While I can’t exactly say that the remainder of my pregnancy was smooth sailing and without issues, the way my boy made his way into the world was. My water broke at 11PM just as I was drifting off to sleep. My sister came over to stay with the kids, and my husband and I drove to the hospital, excited to finally meet him. It is so hard to forget the feeling of longing you get, waiting to meet and finally be handed your baby. So
Jude Patrick Christian Simkowski was born via C-section on November 15, 2009 at 2:45 in the morning to the chorus from the song “Hey Jude” sung by all of the doctors and nurses in the operating room. There was a smile on everyone’s face. The first line of “Hey Jude” is “Hey Jude, don’t make it bad, take a sad song, and make it better. Remember to let her into your heart, then you can start, to make it better!” He was lifted up quickly over the curtain and I was able to see those two little eyes as they opened and shut, looking right through me to the window of my heart.

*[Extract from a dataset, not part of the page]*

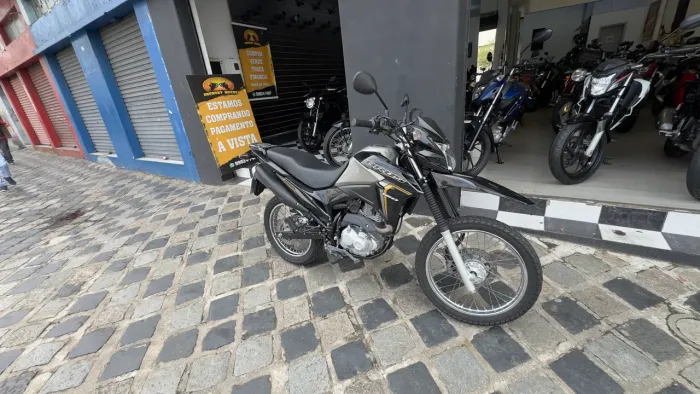 BROS NXR ESDD 160cc  2023 - Novinha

We welcomed Jude into our hearts and family with open arms. Today, he is a happy and thriving 11 year old with a smile and a hug for everyone he meets. He attends his neighborhood school and has been with the same group of typically developing peers since kindergarten. This fall he will head to middle school. His brother and sisters love him and treat him as just one of the gang. He and his daddy both love Bucky Badger and the University of Wisconsin Marching Band and music. And as for me, I said it earlier, the day I chose Jude was the day that I learned to love unconditionally, with all of my heart, and all of my soul. He is a wonderful gift and you have the ability to allow another mother the pleasure of this gift as well. It all starts with your compassion.